(Source data)
((
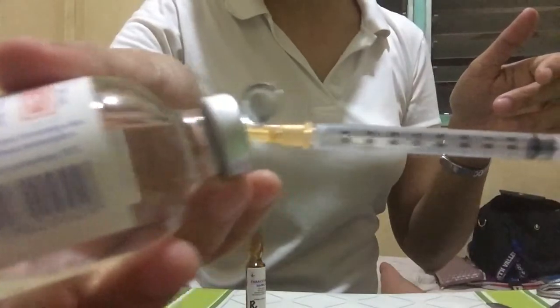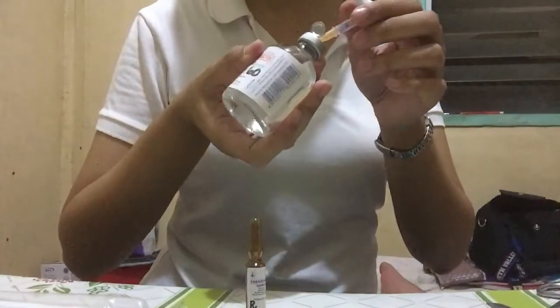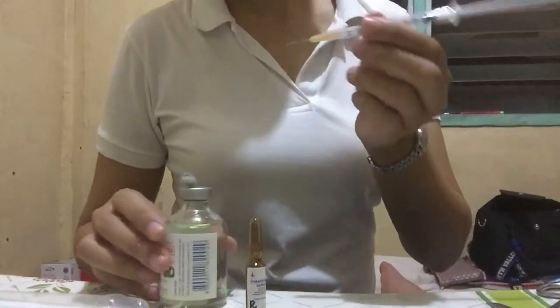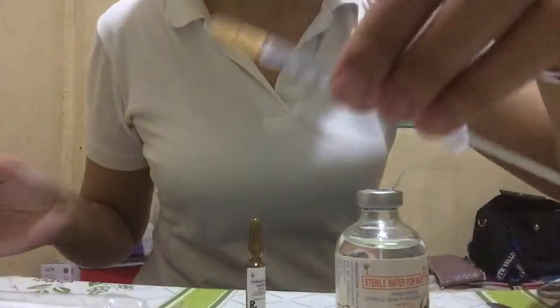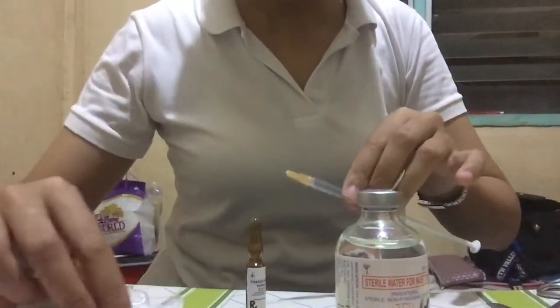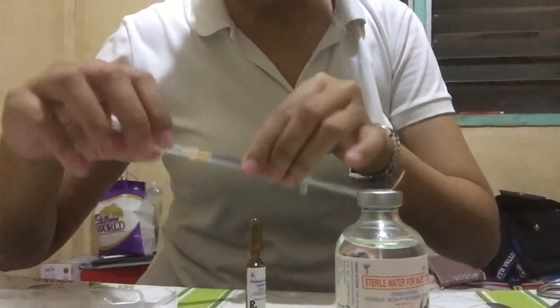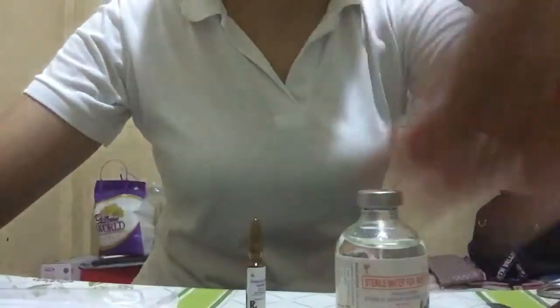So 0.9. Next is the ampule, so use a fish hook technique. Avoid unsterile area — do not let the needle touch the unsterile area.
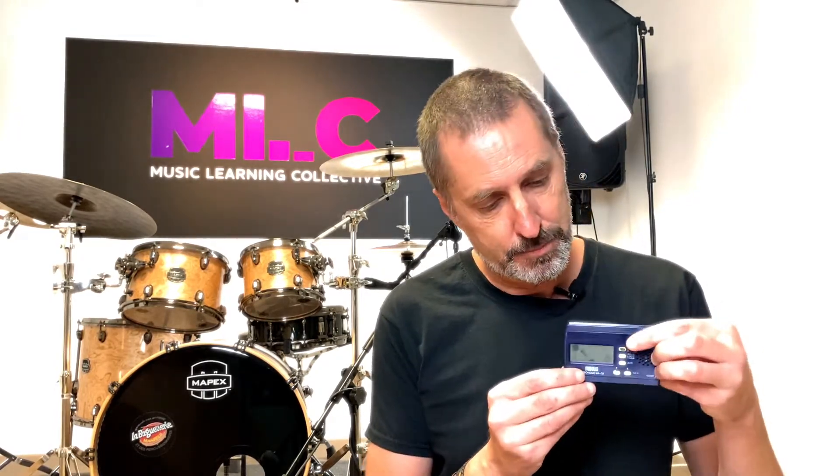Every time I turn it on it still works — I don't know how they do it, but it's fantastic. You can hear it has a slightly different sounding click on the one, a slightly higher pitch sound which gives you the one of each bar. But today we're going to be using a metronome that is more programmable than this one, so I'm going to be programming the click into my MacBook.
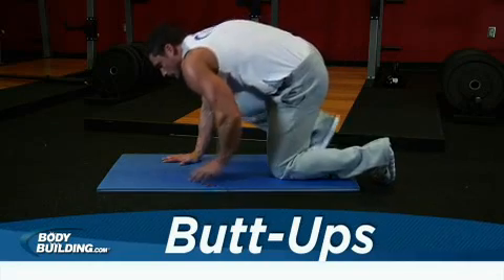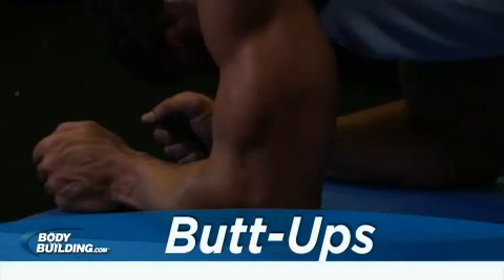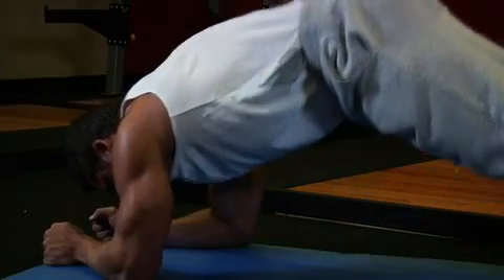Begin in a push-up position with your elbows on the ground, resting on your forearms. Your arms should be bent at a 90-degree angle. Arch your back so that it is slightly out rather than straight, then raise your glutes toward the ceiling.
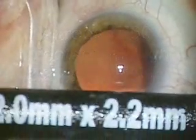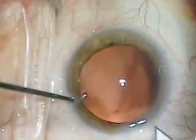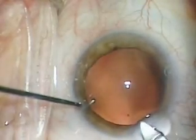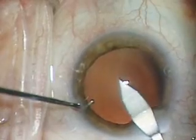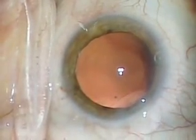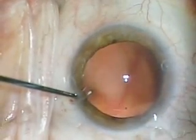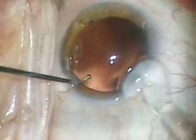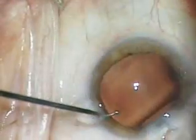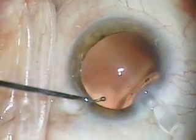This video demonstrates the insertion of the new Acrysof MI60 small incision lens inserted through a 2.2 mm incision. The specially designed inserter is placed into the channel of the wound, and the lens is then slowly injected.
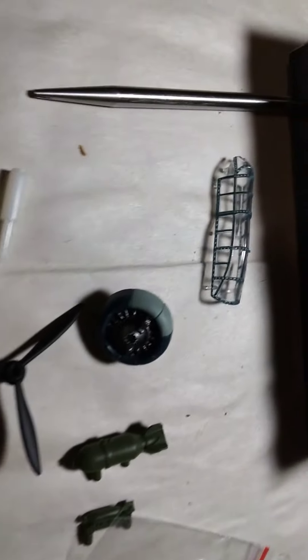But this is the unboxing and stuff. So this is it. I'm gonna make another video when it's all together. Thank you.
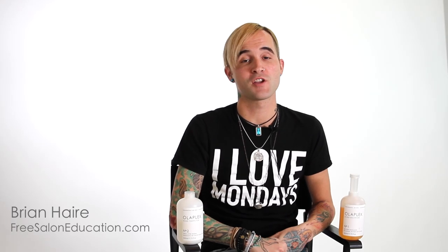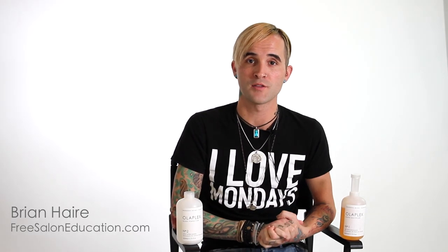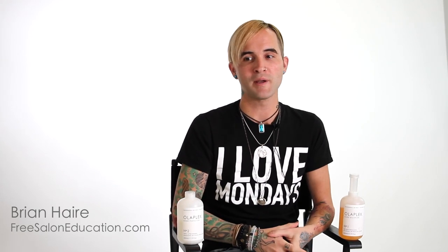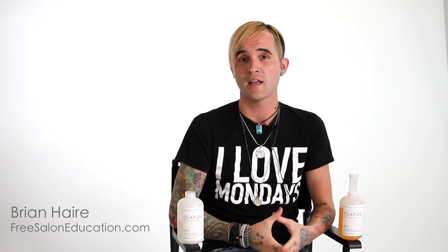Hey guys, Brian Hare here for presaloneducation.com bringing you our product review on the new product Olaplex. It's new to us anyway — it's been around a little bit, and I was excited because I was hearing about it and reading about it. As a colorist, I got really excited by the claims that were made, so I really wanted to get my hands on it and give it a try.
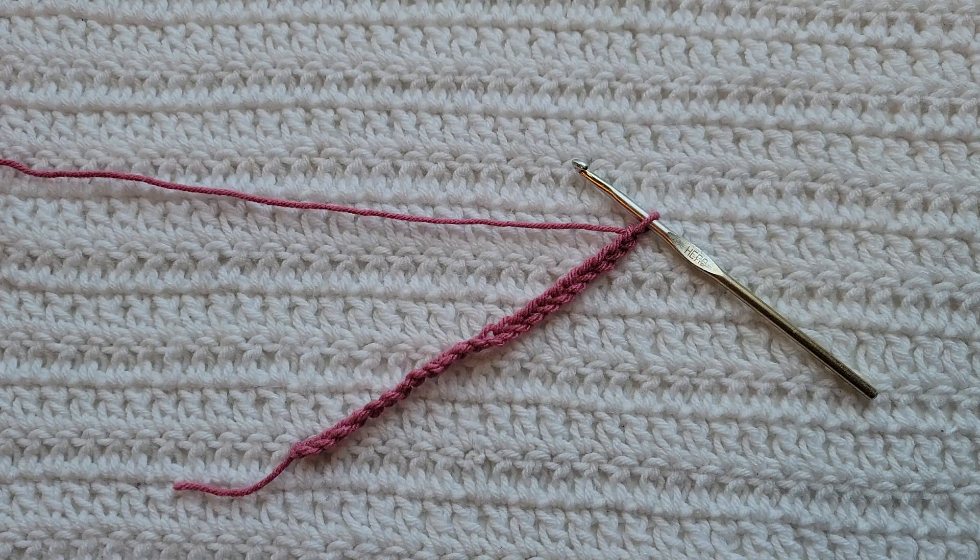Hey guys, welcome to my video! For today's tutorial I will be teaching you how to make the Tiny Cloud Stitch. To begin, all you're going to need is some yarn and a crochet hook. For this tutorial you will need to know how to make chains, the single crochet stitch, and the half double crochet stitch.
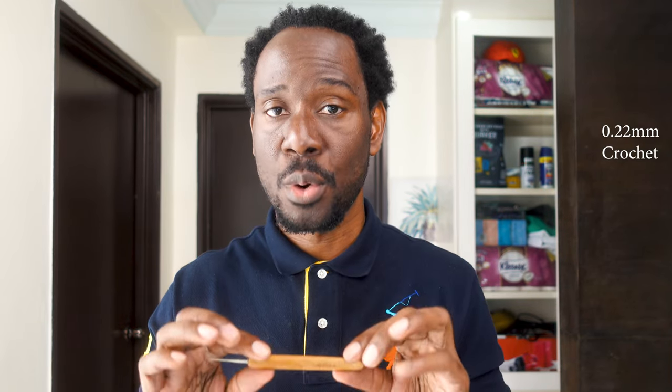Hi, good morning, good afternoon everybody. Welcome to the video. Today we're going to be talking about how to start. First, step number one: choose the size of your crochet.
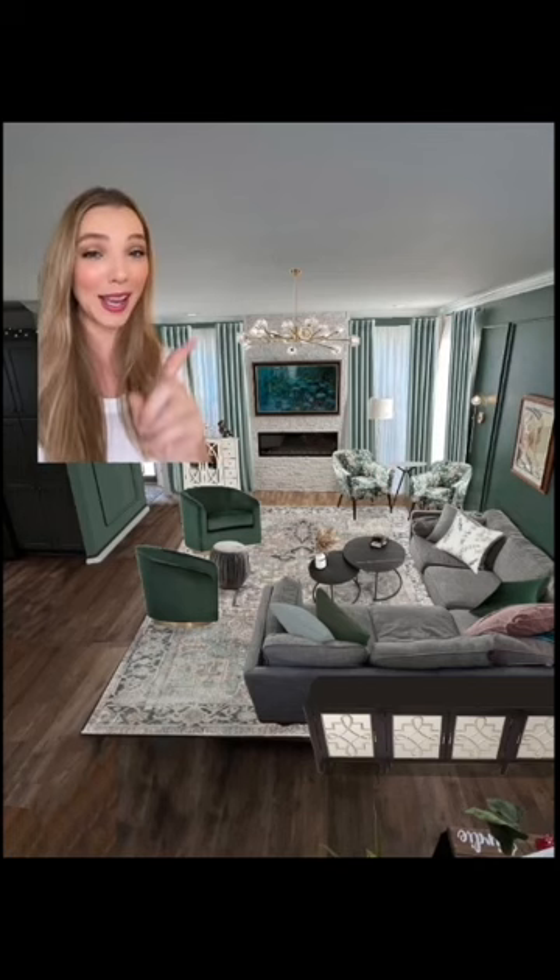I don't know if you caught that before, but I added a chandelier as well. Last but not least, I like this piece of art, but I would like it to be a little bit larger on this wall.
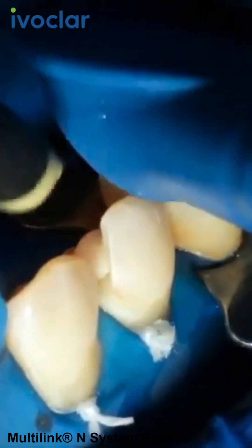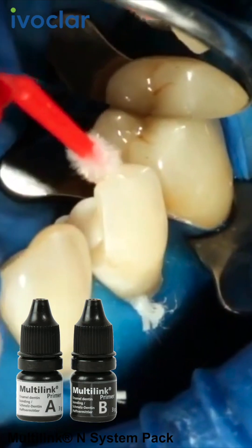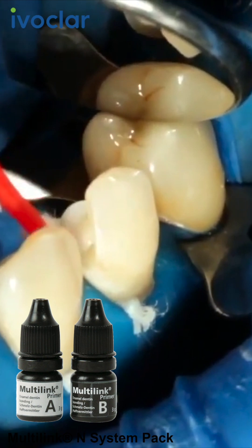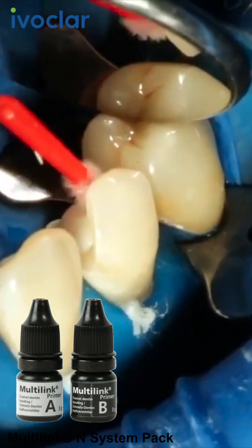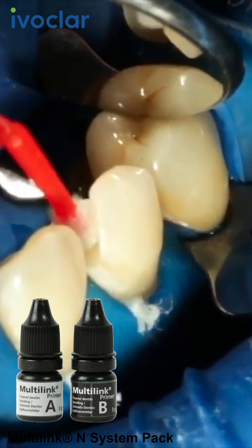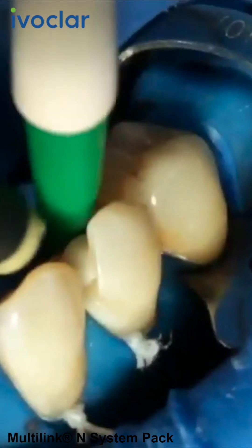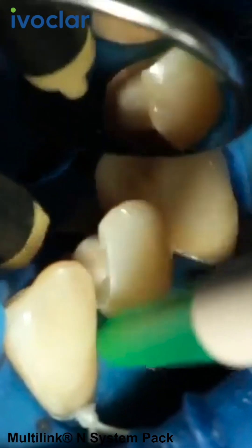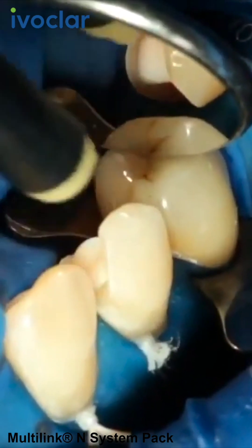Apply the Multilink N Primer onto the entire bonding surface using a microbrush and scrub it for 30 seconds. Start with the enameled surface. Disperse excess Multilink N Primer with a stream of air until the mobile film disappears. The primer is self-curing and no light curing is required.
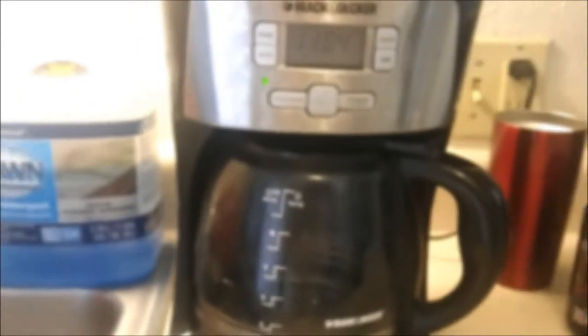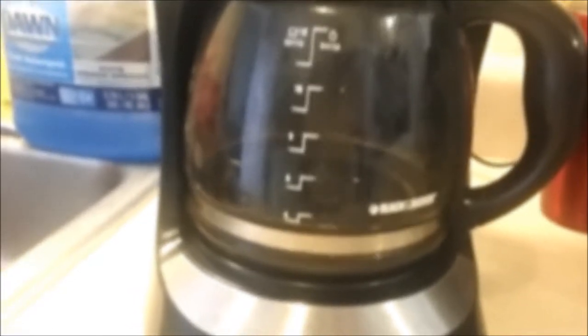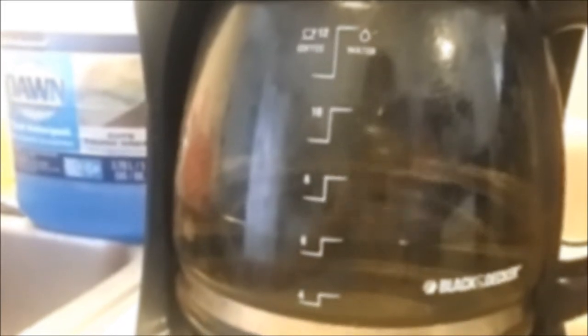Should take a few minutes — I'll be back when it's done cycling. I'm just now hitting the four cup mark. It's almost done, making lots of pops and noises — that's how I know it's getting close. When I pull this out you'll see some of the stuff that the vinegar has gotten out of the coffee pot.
))
# [TASK ITEM]
Where a line contains "Hey guys, welcome", begin there and set down exactly each line through the end of the data above, omitting any pictures.

# [ANSWER AREA]
Hey guys, welcome to my video! For today's tutorial I will be teaching you how to make the Tiny Cloud Stitch. To begin, all you're going to need is some yarn and a crochet hook. For this tutorial you will need to know how to make chains, the single crochet stitch, and the half double crochet stitch.
Hi, good morning, good afternoon everybody. Welcome to the video. Today we're going to be talking about how to start. First, step number one: choose the size of your crochet.
I don't know if you caught that before, but I added a chandelier as well. Last but not least, I like this piece of art, but I would like it to be a little bit larger on this wall.
Apply the Multilink N Primer onto the entire bonding surface using a microbrush and scrub it for 30 seconds. Start with the enameled surface. Disperse excess Multilink N Primer with a stream of air until the mobile film disappears. The primer is self-curing and no light curing is required.
Should take a few minutes — I'll be back when it's done cycling. I'm just now hitting the four cup mark. It's almost done, making lots of pops and noises — that's how I know it's getting close. When I pull this out you'll see some of the stuff that the vinegar has gotten out of the coffee pot.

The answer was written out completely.